By Reuben Archer Torrey
From the fact that the Holy Spirit is a Divine Person, it does not follow that the Holy Spirit is in every sense equal to the Father. While the Scriptures teach that in Jesus Christ dwelt all the fullness of the Godhead in a bodily form (Col. ii. 9) and that He was so truly and fully Divine that He could say, "I and the Father are one" (John x. 30) and "He that hath seen Me hath seen the Father" (John xiv. 9), they also teach with equal clearness that Jesus Christ was not equal to the Father in every respect, but subordinate to the Father in many ways. In a similar way, the Scriptures teach us that though the Holy Spirit is a Divine Person, He is subordinate to the Father and to the Son. In John xiv. 26, we are taught that the Holy Spirit is sent by the Father and in the name of the Son. Jesus declares very clearly, "But the Comforter, which is the Holy Ghost, whom the Father will send in My name, He shall teach you all things, and bring all things to your remembrance, whatsoever I have said unto you." In John xv. 26 we are told that it is Jesus who sends the Spirit from the Father. The exact words are, "But when the Comforter is come, whom I will send unto you from the Father, even the Spirit of truth, which proceedeth from the Father, He shall testify of Me." Just as we are elsewhere taught that Jesus Christ was sent by the Father (John vi. 29; viii. 29, 42), we are here taught that the Holy Spirit in turn is sent by Jesus Christ.
The subordination of the Holy Spirit to the Father and the Son comes out also in the fact that He derives some of His names from the Father and from the Son. We read in Rom. viii. 9, "But ye are not in the flesh, but in the Spirit, if so be that the Spirit of God dwell in you. Now if any man have not the Spirit of Christ, he is none of His." Here we have two names of the Spirit, one derived from His relation to the Father, "the Spirit of God," and the other derived from His relation to the Son, "the Spirit of Christ."
In Acts xvi. 7, R. V., He is spoken of as "the Spirit of Jesus."
The subordination of the Spirit to the Son is also seen in the fact that the Holy Spirit speaks "not from Himself but speaks the words which He hears." We read in John xvi. 13, R. V., "Howbeit when He, the Spirit of truth, is come, He shall guide you into all the truth: for He shall not speak from Himself; but what things soever He shall hear, these shall He speak: and He shall declare unto you the things that are to come." In a similar way, Jesus said of Himself, "My teaching is not Mine, but His that sent Me." (John vii. 16; viii. 26, 40).

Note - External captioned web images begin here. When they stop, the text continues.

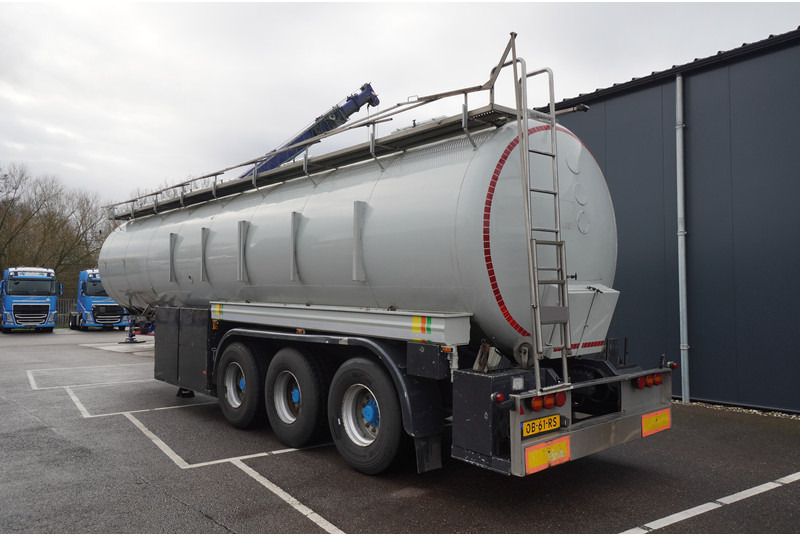 Dijkstra 3 AXLE TANK TRAILER 36 M3 - Semirreboque tanque: foto 5 Dijkstra 3 AXLE TANK TRAILER 36 M3 - Semirreboque tanque: foto 5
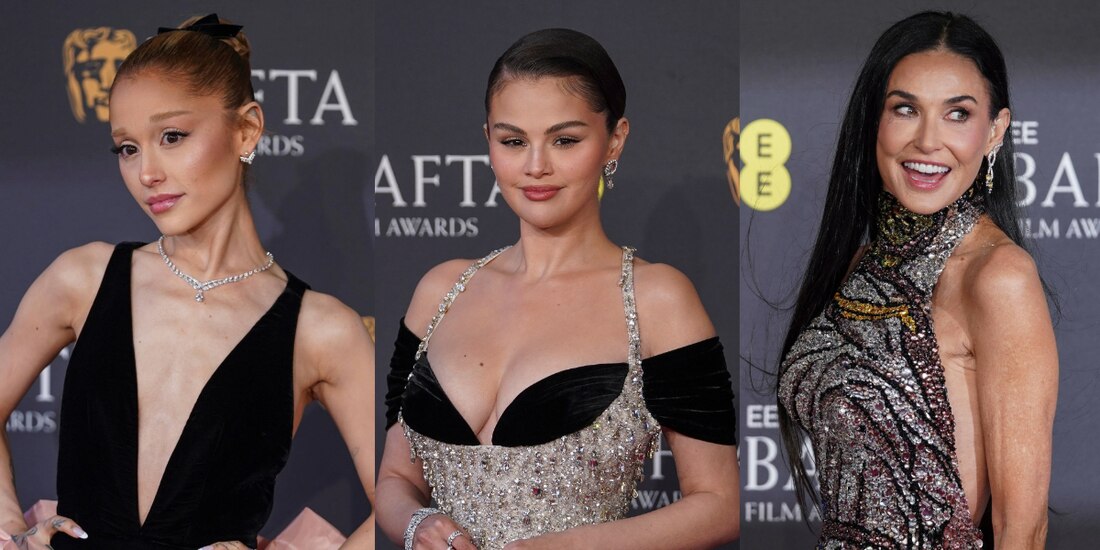 Los mejores looks de la alfombra roja de los BAFTA 2025.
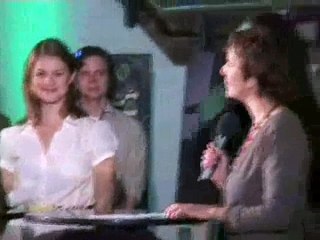 Wicked German Cast Presentation Lucy Scherer Short Interview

The subordination of the Spirit to the Son comes out again in the clearly revealed fact that it is the work of the Holy Spirit not to glorify Himself but to glorify Christ. Jesus says in John xvi. 14, "He shall glorify Me: for He shall receive of Mine, and shall shew it unto you." In a similar way, Christ sought not His own glory, but the glory of Him that sent Him, that is the Father (John vii. 18).
From all these passages, it is evident that the Holy Spirit in His present work, while possessed of all the attributes of Deity, is subordinated to the Father and to the Son. On the other hand, we shall see later that in His earthly life, Jesus lived and taught and worked in the power of the Holy Spirit.